The team’s VR headset campaign takes second place in the national advertising competition » Liberty News

Liberty’s 15-man team with their runner-up trophy at NSAC

A team of Liberty University students showcased their skills as skilled storytellers and Christian professionals in another successful showing last week at the National Student Advertising Competition (NSAC) in Nashville, Tennessee. The 15-man team finished second to Texas Tech University and third to University of California, Berkeley, among the eight collegiate national finalists.

Liberty’s team consisted of students from several study programs within the School of Communication and the Artsincluding strategic communications and digital media.

The NSAC is the premier university advertising competition, providing more than 2,000 students with the real-life experience of creating a strategic advertising/marketing/media campaign for a corporate client. This year, virtual reality company Meta Quest challenged 110 universities across the country to create a fully integrated marketing campaign that would position Quest 2, a VR headset, as essential to the university.

“The client provides teams with a brief description of their communication challenges and the audience they want to reach through the development of an integrated marketing campaign,” said Caitlyn Richard (’17, ’19), an adjunct professor and advisor to a advertising team, along with graduate assistant Daniel Scichitano.

Before creating a single ad, the team spends the fall semester solely on research — analyzing the market, audience, brand, competitor, and product. Research projects include everything from focus groups to thousands of national surveys, experiential product testing, ethnographic studies, and more.

The research results in important insights that determine the central message and strategy of the campaign. This year, the team’s strategy focused on positioning Quest 2 as the thing that takes people to the individual destinations they can’t reach in their current reality.

“In the spring semester, the campaign comes alive, producing digital, out-of-home, video, social media, traditional and experiential ads to be present in their 20-minute customer pitch,” said Richard.

“Everything we did was backed by research, and I think learning how to translate real data into something on display to the public was a great skill to learn,” said senior strategic communications student Collin Croom. “It’s probably the most fun experience I’ve had, but also the most difficult. I learned an incredible amount because of this and the relationships I built with the team were so important to me.”

Richard said the competition, which began last August, offers a real-life experience that students can get the closest to the professional advertising world while still in college.
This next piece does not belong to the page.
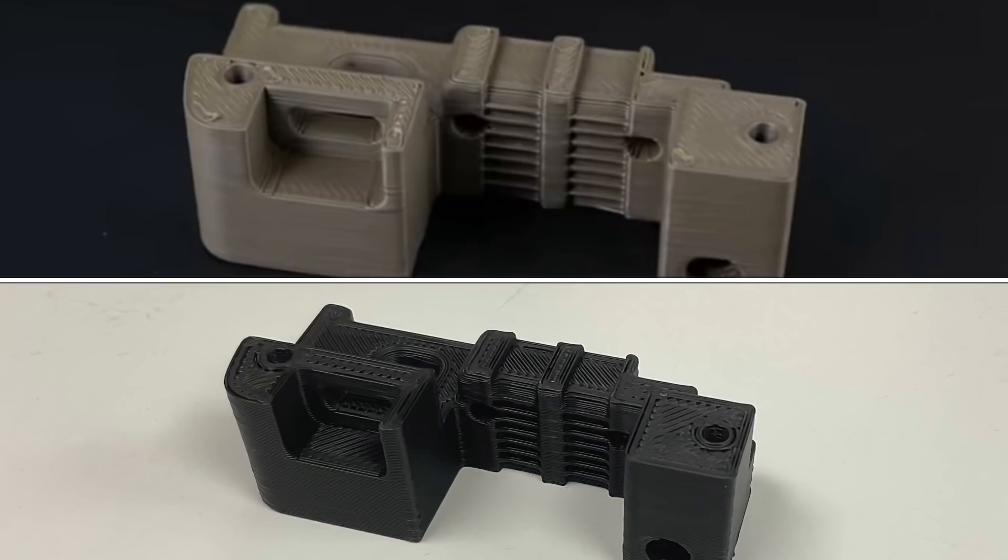When I compare my print to his print they're about the same. Mine's a little rougher on top but bottom line is we both created some extra fast profiles that print really well.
“Unlike a typical college course, where students are presented with a hypothetical marketing challenge, the NSAC provides students with the opportunity to interact with a client who is looking to them for a strategic marketing solution,” said Richard. “It prepares our students for what the client-agency relationship looks like in the industry and how to develop content that exceeds campaign goals, not just a catchy idea.”

“I talked to a lot of people from ad agencies there, some of whom (of whom) have previously been students in the competition, and hearing from them how accurately you can transition into the professional world of (NSAC) I really opened my eyes,” Croom added.

The team went through three rounds on its national run, starting at their district competition in Raleigh, NC, and finishing in Nashville. The other five finalists that Liberty faced in the national games were Chapman (Calif.) University, East Tennessee State University, University of Kentucky, University of Minnesota and University of Oregon.

Croom noted that Liberty’s team was one of the smallest in nationals in terms of membership, while other schools had more than 30 students each. It was also the first time that any of its members participated.

“It’s not about how many people you have on the team, it’s about what the people on your team are made of,” Croom said. “Everyone has done their best for the team.”

The Liberty team also took home the MRI-Simmons Inspired by Insight Award for the best application of research demonstrated in the NSAC presentation and planning book.

This year, Richard was a team advisor for the fifth time and she said that witnessing the growth of the students as industry professionals has remained a favorite part of her job.

“There was a moment in the national election after we left the awards ceremony: ‘The people you are now, compared to where you were when we started, are so different,'” she said. “There has been an immeasurable growth in their professional skills, character and teamwork, and I am honored to have been with them on that journey.”

Richard said developing students into champions for Christ, in line with the school’s missionis her goal, and she took the time to chat with the team about how they could approach their work in the secular advertising world after graduation.

“As a consultant, I can talk to them about what it means to be in the advertising industry, which is especially difficult as a Christian, and we can discuss how faith crosses our work,” she said. “One prayer the team has consistently had is that Christ is well represented in our work, that we radiate Him through this competition and that the other schools see that in us.”